CHSTR - Using Perfect Hashing

vikky_codder · June 15, 2015, 5:51pm

Did someone get 100 using hashing in this problem?

raja44ever · June 15, 2015, 6:02pm

I did ,see the solution CodeChef: Practical coding for everyone

priyankpalod · June 15, 2015, 7:04pm

Can Somebody help me understand why my O(n^2) algorithm using hashing gives TLE for the third subtask.
http://www.codechef.com/viewsolution/7211894

My Algo is that I hash all the substrings into a hashTable using polynomial hashing (mod size of the table). I keep an id for all strings which is its value in base 27 (considering ‘a’ as 1 … ‘z’ as 26).
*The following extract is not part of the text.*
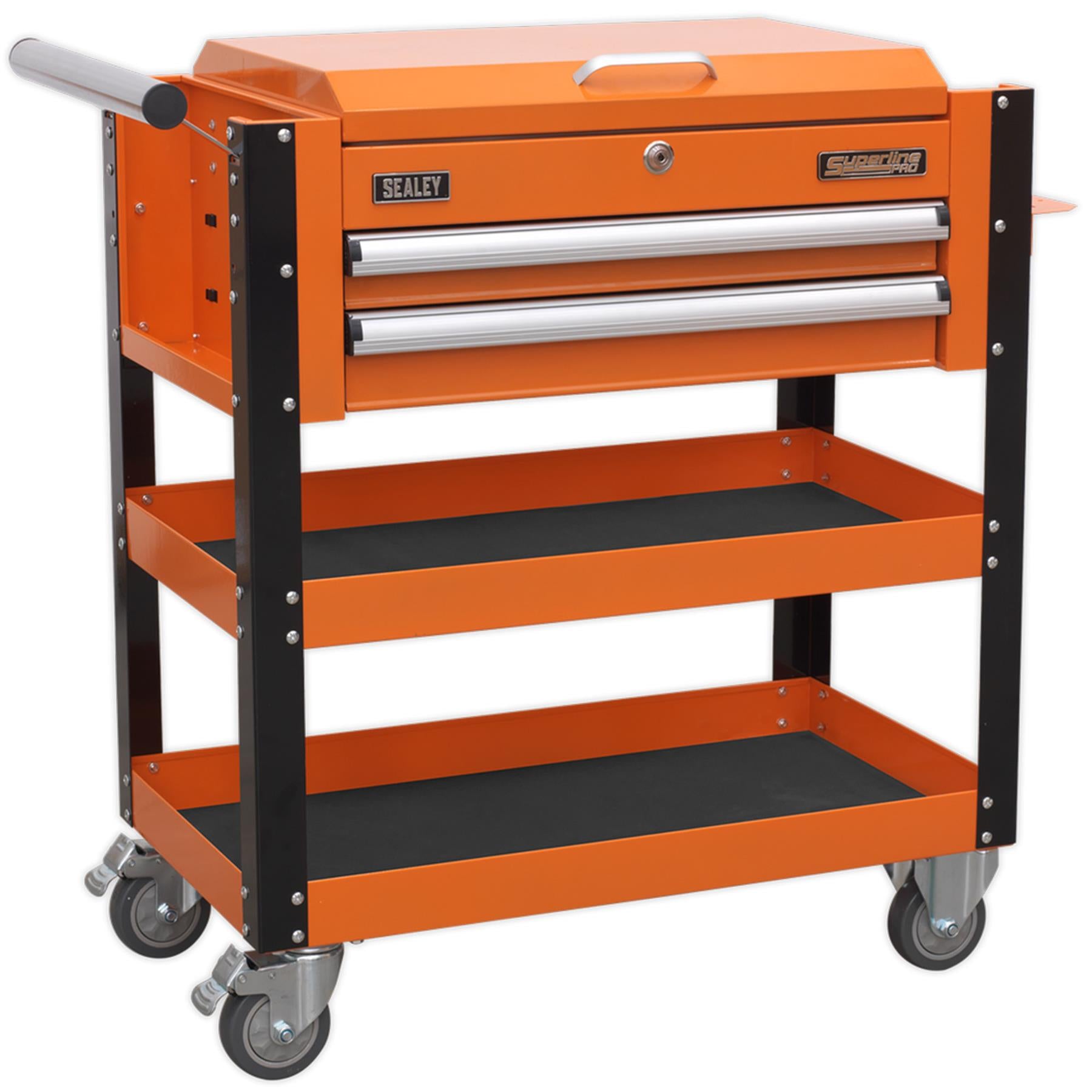 Sealey HD Mobile Tool & Parts Trolley 2 Drawer & Locking Top Orange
I maintain an array setsWithSize which contains the number of different strings which occur as substrings exactly i times at setsWithSize[i].
After hashing all the substrings, I compute the array answ[] which contains the answer for query k at answ[k].

megatron_64 · June 15, 2015, 7:16pm

@vikky_coder , I think the hash function is just a variant of Rolling hash

Rolling hash is basically the following algorithm

hash = (hash * base + s[i]) % MOD

The crucial point in using hashing is to perfectly choose base and MOD

You can use Mod wrt more than one prime for safety

thechamp103 · June 15, 2015, 9:58pm

I did it without hash

http://www.codechef.com/viewsolution/7137470

geek_geek · June 15, 2015, 10:36pm

Well lot of people did using rabin karp and polynomial hashing …
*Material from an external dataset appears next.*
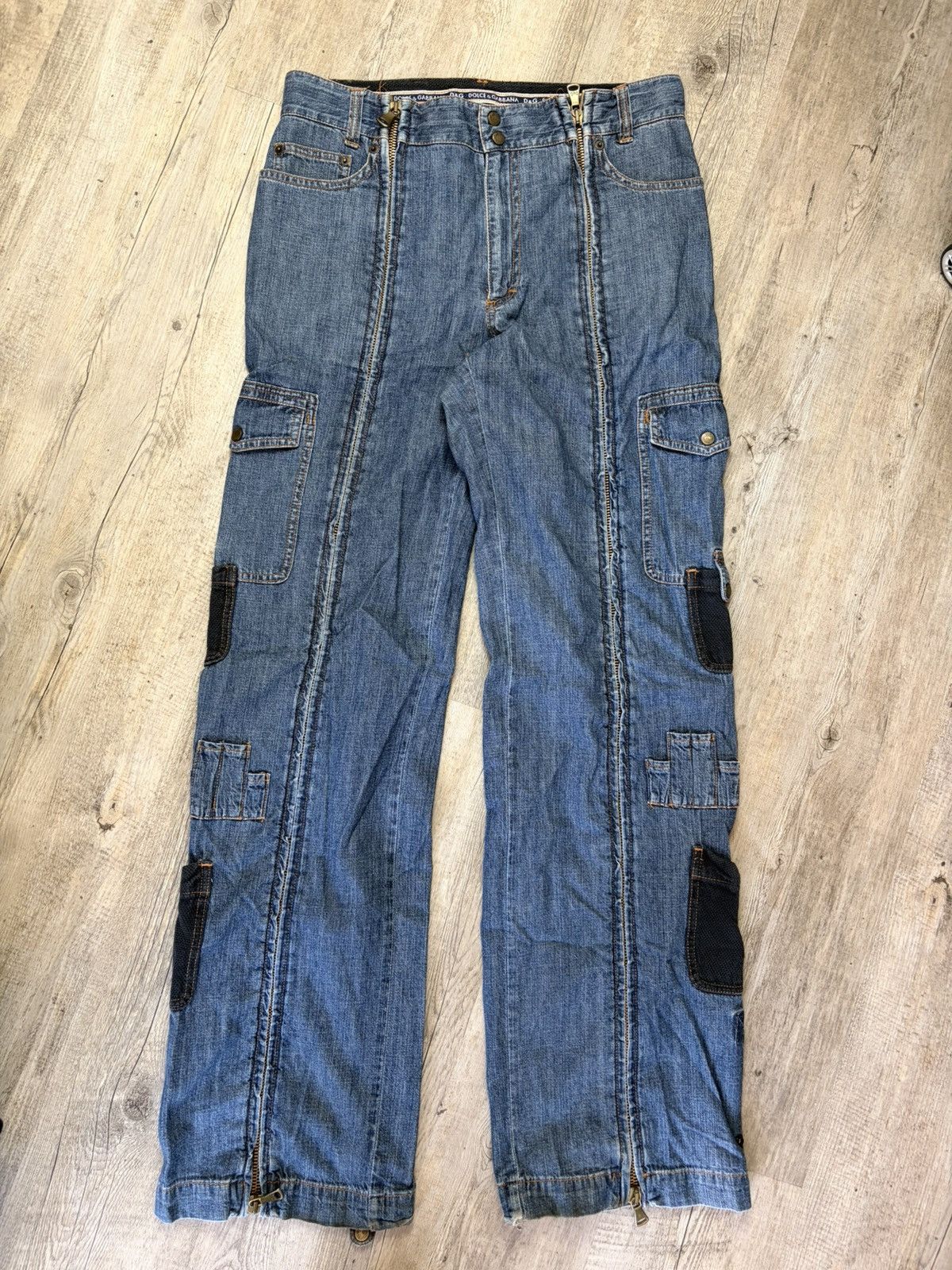 Dolce & Gabbana SS2003 Dolce & Gabbana Full Zip Baggy Cargo Pants denim Size US 36 / EU 52 - 2 Thumbnail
i dont understand how collisions could be avoided.

lets say a%m =x
implies (a + n*m)%m = x where n is any positive integer
the range values obtained will be from 0 to 26^(5000) as 5000 is the size of the string now even if you take a prime number as big as 10^18 (64 bit limit in c++) how can you gaurentee it wont cause collision in a unbiased test cases??

vikky_codder · June 15, 2015, 6:11pm

Can you please explain your hash function? thanks!

thezodiac1994 · June 15, 2015, 6:34pm

I don’t see how this will run without collisions if the test data is strict.

raja44ever · June 15, 2015, 7:10pm

@thezodiac1994 just take hashing base as a big prime no. so that collision can be prevented

raja44ever · June 15, 2015, 7:17pm

@vikky_codder first calculate the hash value for first substring of length i and the remaining can be calculated using this statement
ht = int_mod(ht*b - s[j-i-1]*e + s[j],mod);
…where i+1<=j<=n and b is the base(which is a big prime no) and e=b^i

vikky_codder · June 15, 2015, 9:35pm

I used rolling hash with some combonations of base and MOD, but all I got was WA and in some cases TLE due to perhaps because of large value of MOD. The problem is “how to choose base and MOD for perfect hashing?”.

vikky_codder · June 15, 2015, 9:42pm

@raja44ever thanks

vikky_codder · June 15, 2015, 9:49pm

@priyankpalod how is it O(n^2)? What about h.add() that is being called for all substrings?

vippu95 · June 15, 2015, 9:54pm

@vikky_coder The best approach to do hashing is to use a prime mod say 10^9+3 and two bases say 29 and 59 . Then calculate two hash functions for each string one using base 29 and other using base 59. Two strings are then said to be equal if and only if both the hashes are same for the two strings . It is highly unlikely that this approach will give collisions (at least it never did for me).

priyankpalod · June 15, 2015, 10:21pm

@vikky_codder h.add() just adds the substring in the hashtable and since the hashTable is very large we can safely assume it takes constant time (very less load factor)

thezodiac1994 · June 15, 2015, 10:32pm

That still doesn’t assure that all keys will be distinct.

thezodiac1994 · June 15, 2015, 11:56pm

As the prime is increased, the probability of collisions decreases. I don’t think the standard RK algo is 100 % collision proof but when you use a large hash table, you can do away with “NOT SO STRICT” data. I think thats what has happened here.
PS : You cant use a prime as large as 10^18 because you need to perform multiplications in the hash funcn which will result in overflow.

megatron_64 · June 18, 2015, 12:10pm

Look, you can never guarantee the elimination of collisions. All you can do is insure that collisions are minimum. For that you may use two bases as vippu95 said, or you can use modulo two or more primes. The strings will be equal if the hash value for each modulo is same.